前回の時間で本音を殺した怪人を見付けた。殴り飛ばして離れた位置に誘導すると、全力で攻撃を叩き込み始めた。一撃一撃に恨みと怒りを込めて確実に入れていく。当然相手も反撃しようとするのだが、その隙すら与えない程の連撃を与えていった。

 

「悪いが俺は焼く事はできないんでな。普通に終わらせてもらう!」

 

『ready ENTER』

 

『Exceed Charge』

 

「ダァア!!」

 

『ウワァァァア!!!』

 

グランインパクトで上空に叩き上げ、更に落ちてきた所にポインターで拘束。
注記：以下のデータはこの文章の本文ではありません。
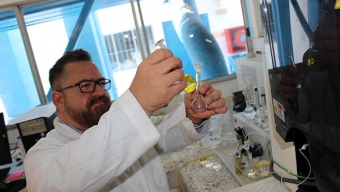 Con Bacterias Del Desierto de Atacama Recuperarán Elementos de Valor Desde Desechos Tecnológicos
クリムゾンスマッシュを叩き込んで灰に変えた。

 

「今度こそちゃんと死んだな」

 

完全に灰になったことを確認すると、自分の店まで戻っていった。

 

『FINAL ATTACK RIDOE RYURYURYU RYUKI』

 

『FINAL VENT』

 

「チェック」

 

『Exceed Charge』

 

「ハァァァァ……ハァァア!!!」

 

「オリャアアアア!!!」

 

ちょうど終わっていた様だ。本音も無事で敵も全て燃やされたか灰になっているかだ。

 

「よう。そっちはどうだ?」

 

「問題ない。こっちも終わったみたいだな」

 

「あぁ。さてと、明日からどうなることやら」

 

不確定な未来へと進んでいく事になったが、今のメンバーなら問題ないかもしれない。そう思える程に今回は順調に終った。